Inps incontra i “riders” A Bologna si presentano in pochi

Tra le centinaia di “riders” (fattorini in bicicletta o in motorino che consegnano a domicilio cibi caldi ordinati sulle piattaforme digitali) che lavorano per le strade di Bologna, si sono presentati in pochissimi all’incontro organizzato lo scorso 12 novembre dall’Inps (Istituto nazionale della previdenza sociale) di via Gramsci 6 per chiarire eventuali dubbi sui contributi, sulle tutele e sui contratti applicati dalle piattaforme digitali. Forse la comunicazione dell’Inps per questo incontro, organizzato lo stesso giorno e alla stessa ora anche nelle sedi di Milano, Torino, Roma e Firenze, non è stata troppo efficiente, almeno a Bologna. I “riders” si potevano contare sulle dita di due mani.

I sindacati non sono stati interpellati, almeno a quanto ha dichiarato Roberto Rinaldi della confederazione sindacale Uil Emilia-Romagna e Bologna: «A questo incontro dove l’Inps ha incontrato i “riders” per spiegare quali sono le forme contrattuali che a oggi vengono applicate noi non siamo stati convocati». Rinaldi ha, inoltre, insistito sul fatto che «le promesse fatte in campagna elettorale da qualche movimento o partito politico di stipulare un salario minimo per i fattorini, non sono state mantenute». Tuttavia, secondo la Uil Emilia-Romagna e Bologna, un salario minimo può essere solo un correttivo che, però, non deve scavalcare la stipula di un contratto collettivo nazionale. Proprio a Bologna lo scorso maggio è stata firmata la “Carta dei diritti fondamentali dei lavoratori digitali nel contesto urbano” sottoscritta tra il Comune di Bologna, la città Metropolitana e le organizzazioni sindacali. La Carta doveva rappresentare l’inizio della discussione sulle tutele lavorative per i “riders” a livello governativo.
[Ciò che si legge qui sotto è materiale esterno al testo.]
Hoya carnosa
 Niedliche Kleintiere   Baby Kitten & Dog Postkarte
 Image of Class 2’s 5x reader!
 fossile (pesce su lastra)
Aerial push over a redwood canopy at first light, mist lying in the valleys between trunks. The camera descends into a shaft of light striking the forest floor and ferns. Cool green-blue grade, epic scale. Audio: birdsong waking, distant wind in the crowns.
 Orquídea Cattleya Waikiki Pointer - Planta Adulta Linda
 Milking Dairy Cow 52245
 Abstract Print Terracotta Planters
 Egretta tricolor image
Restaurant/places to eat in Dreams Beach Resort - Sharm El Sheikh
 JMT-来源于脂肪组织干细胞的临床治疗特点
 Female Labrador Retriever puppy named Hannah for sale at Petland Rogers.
Visto che la situazione per i fattorini sembra ingarbugliata, la Uil di Bologna ha chiesto di riconvocare il tavolo di discussione interpellando, però, questa volta anche le piattaforme digitali, ovvero le aziende (spesso multinazionali) che offrono il lavoro ai “riders”.

Tornando all’incontro organizzato dall’Inps lo scorso 12 novembre, ai pochi “riders” presenti è stato consegnato un codice pin attraverso cui il lavoratore può accedere ai servizi sul sito dell’Istituto nazionale previdenziale in modo da poter richiedere dei servizi informativi e avere dettagli sulla propria posizione lavorativa.  Molto spesso la tipologia di contratto offerto ai fattorini dalla piattaforme digitali è quello di lavoro autonomo occasionale. Tipologia che, secondo l’Inps,« non sarebbe il tipo di contratto appropriato perché lascia vuote alcune previdenze».

All’incontro era presente anche Tommaso Falchi, “rider” iscritto al Riders Union Bologna, organizzazione sindacale nata un anno fa per tutelare i fattorini di Bologna. «Porteremo avanti le nostre rivendicazioni legate al nostro lavoro: chiediamo di avere dei contratti adeguati con un salario minimo che faccia riferimento ai contratti collettivi nazionali, con un’assicurazione che copra a 360 gradi, un monte ore garantito e I diritti sindacali che ci spettano».

«La tendenza delle piattaforme digitali, che sono i nostri datori di lavoro, è andare verso la paga a cottimo e noi la rifiutiamo in quanto sbagliata e anacronistica», ha detto invece Nicola, fattorino in bicicletta a Bologna da più di un anno. «Le piattaforme digitali con questo tipo di contratto che ci fanno firmare eludono i versamenti contributivi. Vogliamo essere riconosciuti come lavoratori», ha incalzato Nicola. Questo incontro organizzato dall’Inps forse dimostra che l’Istituto nazionale di previdenza sociale si sia accorta che i fattorini hanno bisogno di tutele e garanzie. «Gli unici che pare non se ne siano accorte sono le aziende delle piattaforme che continuano a eludere i contributi e a massacrare i nostri diritti», ha concluso il “rider”.